NEW YORK (Reuters Health) - People who have had colon cancer are 15 percent more likely to be diagnosed with another cancer than those with no history of the disease, a new study suggests.
Using data from cancer registries from nine states, researchers found small intestine, lung, kidney, stomach, bladder and endometrial cancers were all more common among people with a history of colon cancer.
“The most common cancer among these individuals is another colorectal cancer, but there are potentially other cancer sites that we need to be aware of,” said Amanda Phipps at the Fred Hutchinson Cancer Research Center in Seattle, who led the study.
According to the American Cancer Society, about one in 20 people will be diagnosed with colon or rectal cancer during their lifetime.

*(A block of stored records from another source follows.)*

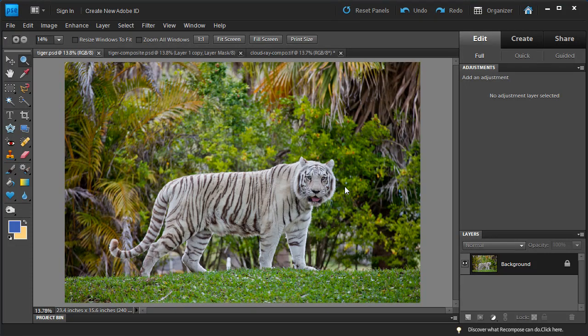Hey everybody, this is Captain Kimo and in this video I am going to go over layer masks. Layer mask is a very important part of my workflow and for any digital artist I think it's a very important thing to know.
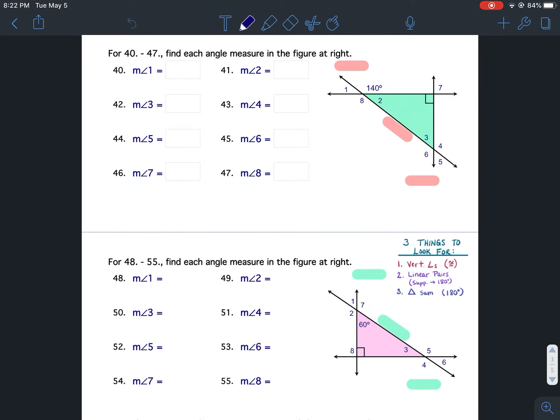Properties of Angles Worksheet 22, questions 40 through 55. I'm going to be doing questions 40 through 47 completely with you — the entire thing, showing all the work, everything that you would need. And then you're going to use that as a reference on how to complete questions 48 through 55. You may also use example 4 in the notes if you need to.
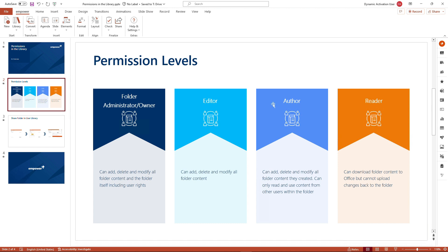The next permission level would be the author, who could add, delete, and modify all folder content that the author has created, and they can access the content that have been added by editors or folder administrators.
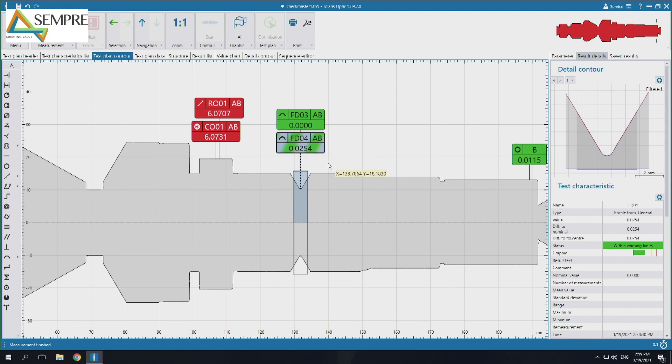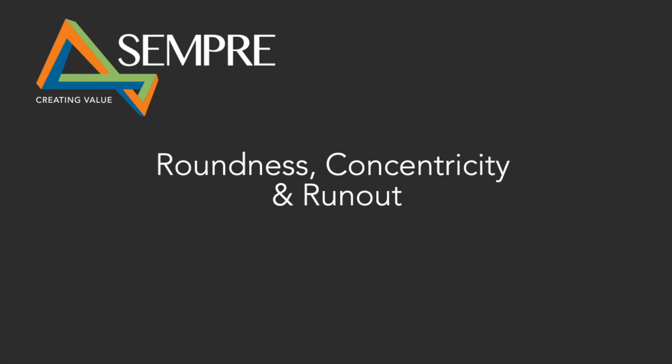So that's basically how a contour comparison works. Now I'm going to be looking at the differences between roundness, concentricity, and runout. Firstly, roundness — what is roundness? It's just how circular the part is, or how round it is, like the name suggests.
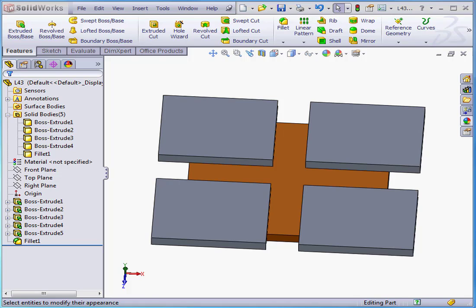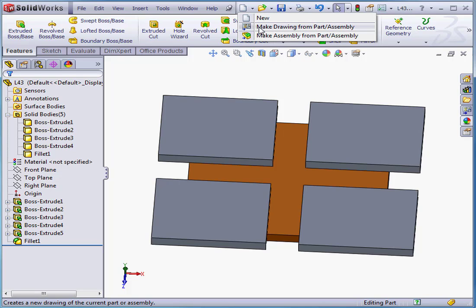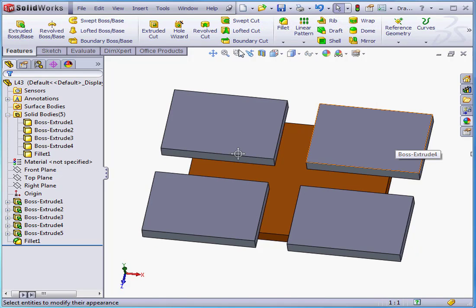I've got a model in my graphic area with 5 solid bodies. Let's go ahead and make a drawing document from this model. Make drawing from part assembly.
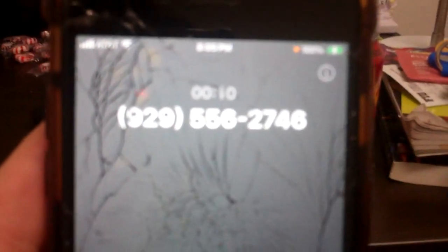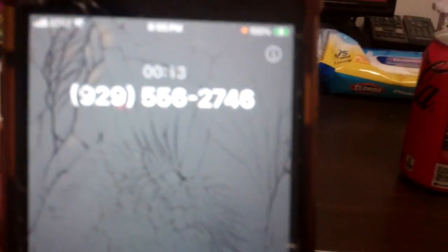And if you need service, please text us at the same number you just called. 929-55-MARIO. That's 929-556-2746.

The new study included about 170,000 people diagnosed with those cancers between 1992 and 2009. During that span, 15,000 of them - or about nine percent - were found to have a second cancer.
Compared to the average American, people in the study with a history of colon cancer were twice as likely to develop a second colon cancer.
They also had four times as many cancers of the small intestine as would be expected in a typical population and were 42 percent more likely to be diagnosed with kidney cancer and 14 percent more likely to get lung cancer.
Those risks varied by where in the colon or rectum a person’s first tumor had been found, according to findings published in the journal Cancer.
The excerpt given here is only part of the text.